──────── DATA FOR THE TASK ────────

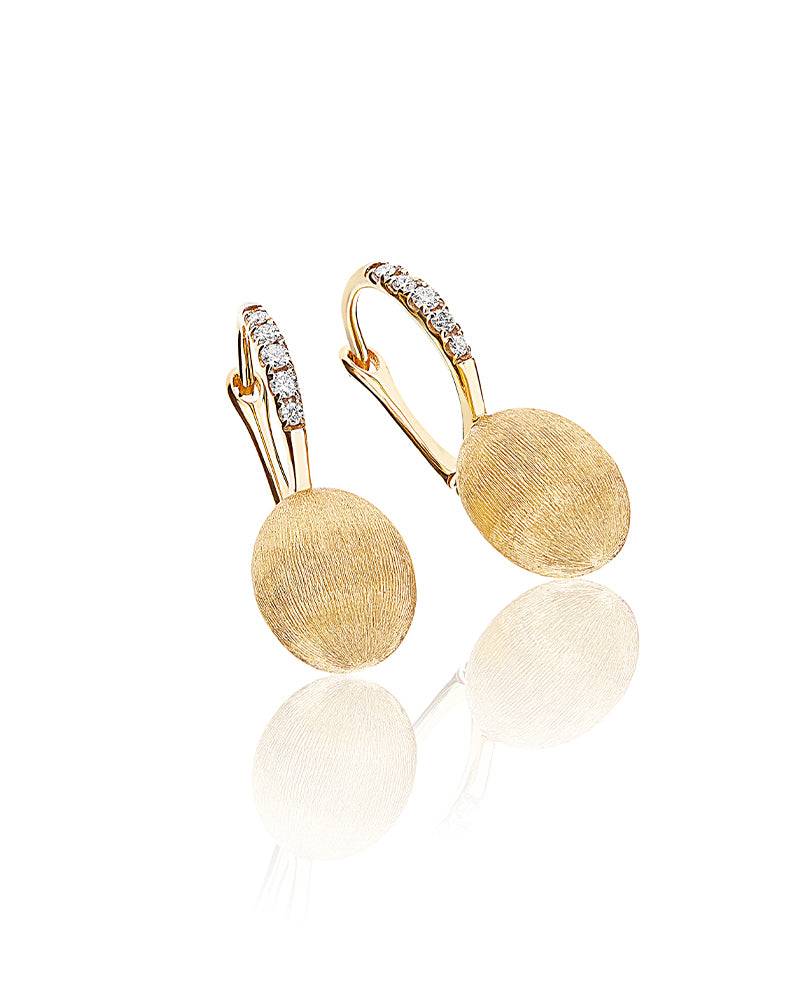 Nanis Orecchini "CILIEGINE" con boules pendenti in oro e dettagli in diamant – Nanis Italian Jewels Italy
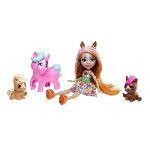 Poupee Enchantimals-Famille de Pensee Poney-Poupée et 3 figurines poneys HXB99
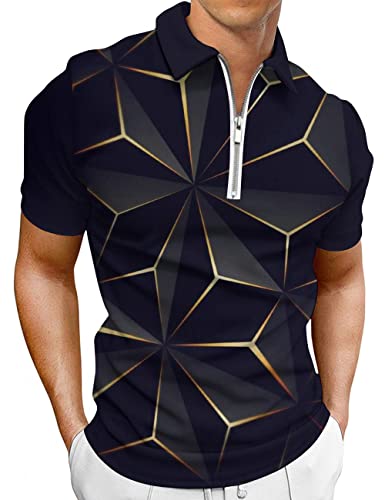 Hodaweisolp Mens Long Sleeve Polo Shirts Casual Zipper Printed Athletic Golf Tennis T-Shirt Tops 3D Cubic Geometry-XXXL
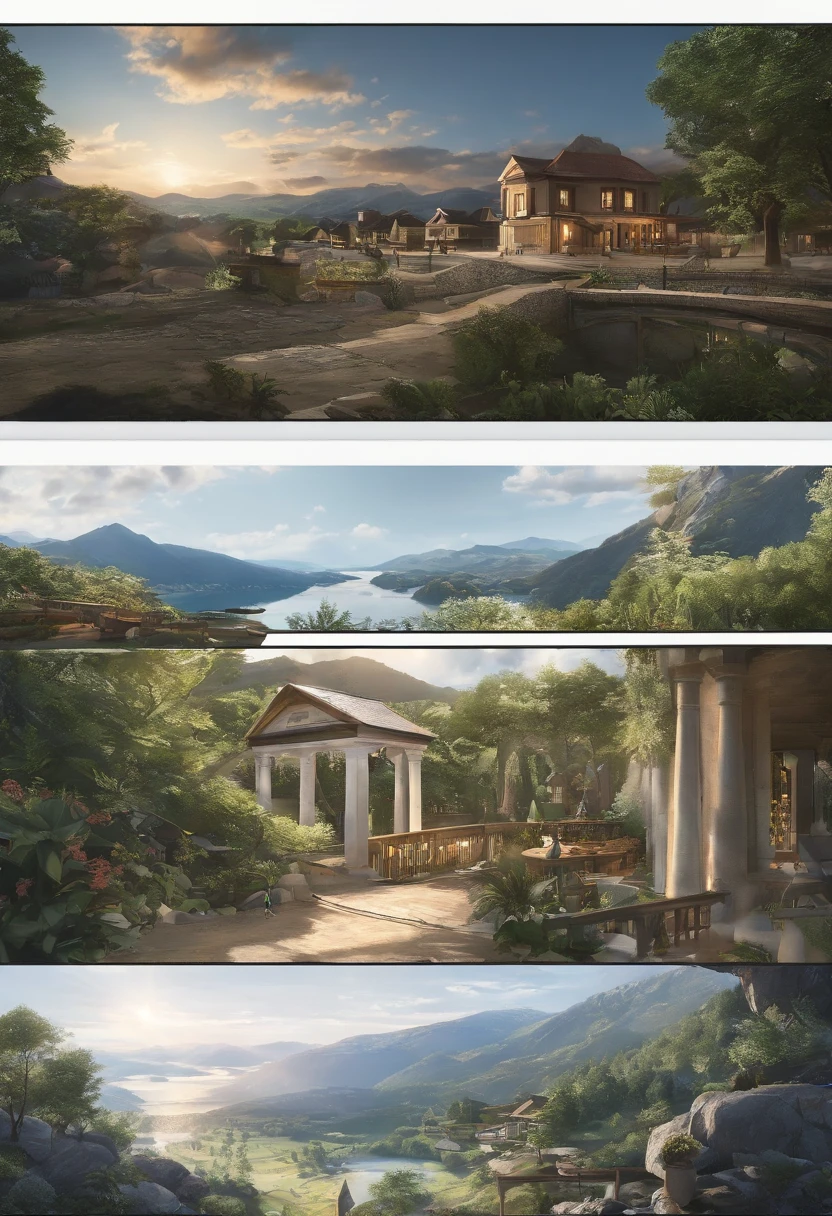 （（（Comic storyboard））），comic strip，Two-dimensional picture，Manhwa Style，Makoto Shinkai animation style，Makoto Shinkai animation film art style，Ultra-wide angle of view，A town with beautiful mountains and waters，Faraway view，super-fine，ultra - detailed，high qulity，8K ，oc rendered，dynamic viewing angle，Hyper Real，Ultra photo realsisim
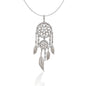 The traditional dream catcher is truly a symbol of the Southwest. We designed the Kelly Herd Dream Catcher Pendant Necklace to evoke that protective nature. Our design is accented with dazzling silver feathers and clear cubic zirconia stones. Make dreams come true by adding the matching earrings! Comes with a 16"-18" adjustable box chain.    Features      Intricate Dream Catcher Design     Clear Cubic Zirconia Stones     16"-18" adjustable box chain     Sterling Silver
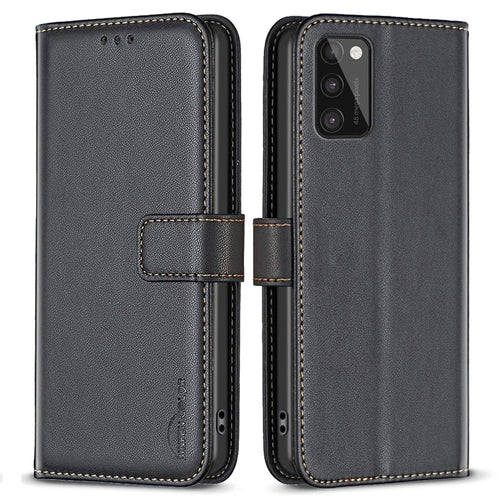 BINFEN COLOR BF17 For Samsung Galaxy A41 (Global Version) Wallet Leather Phone Cover Stand Magnetic Case - Black - 1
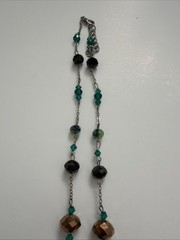 Vntg Long Green Faceted Crystal Bead Necklace Silver Tone Artisan Boho Layering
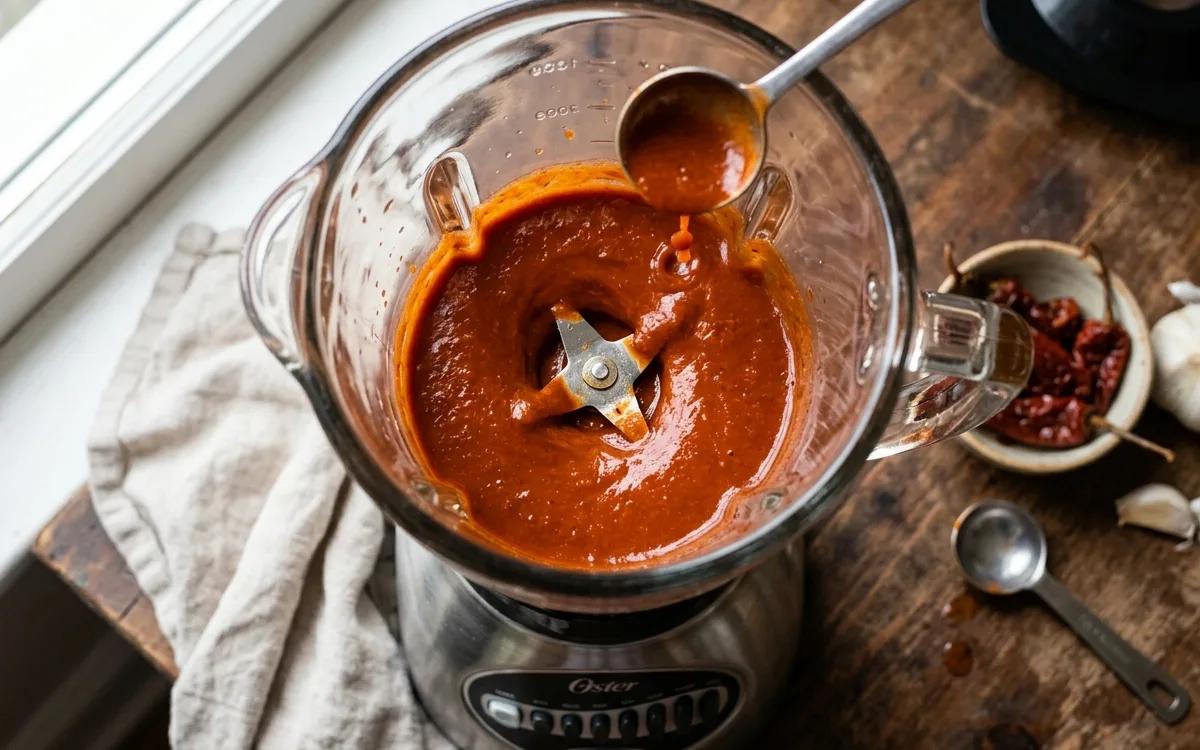 Step 7: Puree until completely smooth, adding a tablespoon of water 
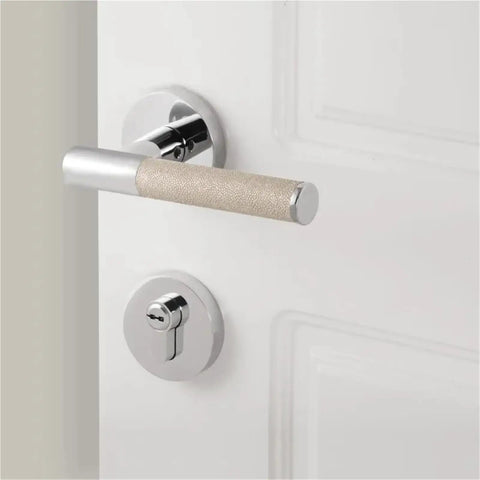 Lychee Skin Door Lock Set In Brass Gray For Modern Interior Doors with dummy handle shown on white door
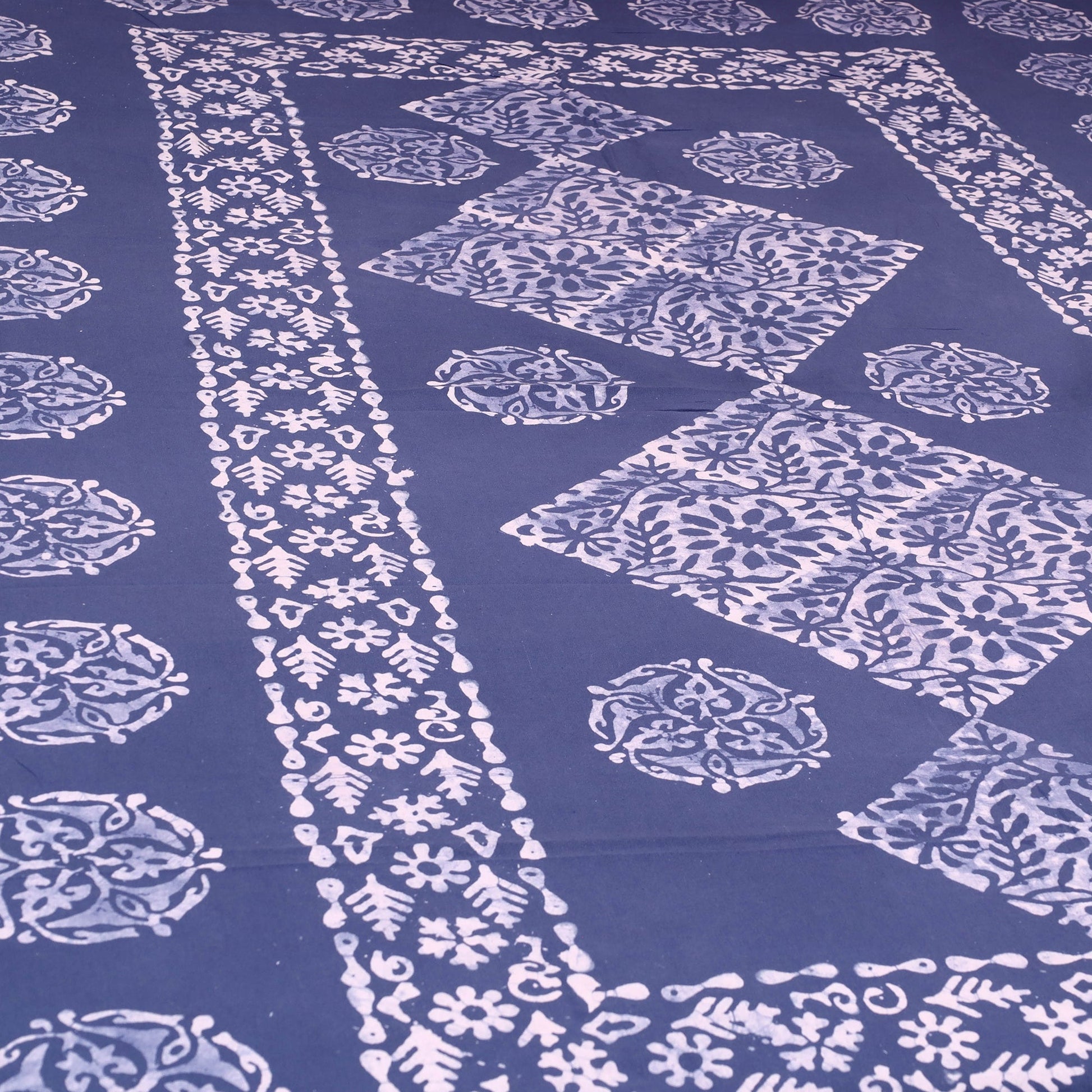 Blue - Cotton Hand Batik Print Single Bedsheet (91 x 57 ) 09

────────

| TASK GOAL |
Omit the pictures. Print, word for word, the lines from the beginning of the entries above through the line that holds "The traditional dream".

| WRITTEN ANSWER |
 Nanis Orecchini "CILIEGINE" con boules pendenti in oro e dettagli in diamant – Nanis Italian Jewels Italy
 Poupee Enchantimals-Famille de Pensee Poney-Poupée et 3 figurines poneys HXB99
 Hodaweisolp Mens Long Sleeve Polo Shirts Casual Zipper Printed Athletic Golf Tennis T-Shirt Tops 3D Cubic Geometry-XXXL
 （（（Comic storyboard））），comic strip，Two-dimensional picture，Manhwa Style，Makoto Shinkai animation style，Makoto Shinkai animation film art style，Ultra-wide angle of view，A town with beautiful mountains and waters，Faraway view，super-fine，ultra - detailed，high qulity，8K ，oc rendered，dynamic viewing angle，Hyper Real，Ultra photo realsisim
 The traditional dream catcher is truly a symbol of the Southwest. We designed the Kelly Herd Dream Catcher Pendant Necklace to evoke that protective nature. Our design is accented with dazzling silver feathers and clear cubic zirconia stones. Make dreams come true by adding the matching earrings! Comes with a 16"-18" adjustable box chain.    Features      Intricate Dream Catcher Design     Clear Cubic Zirconia Stones     16"-18" adjustable box chain     Sterling Silver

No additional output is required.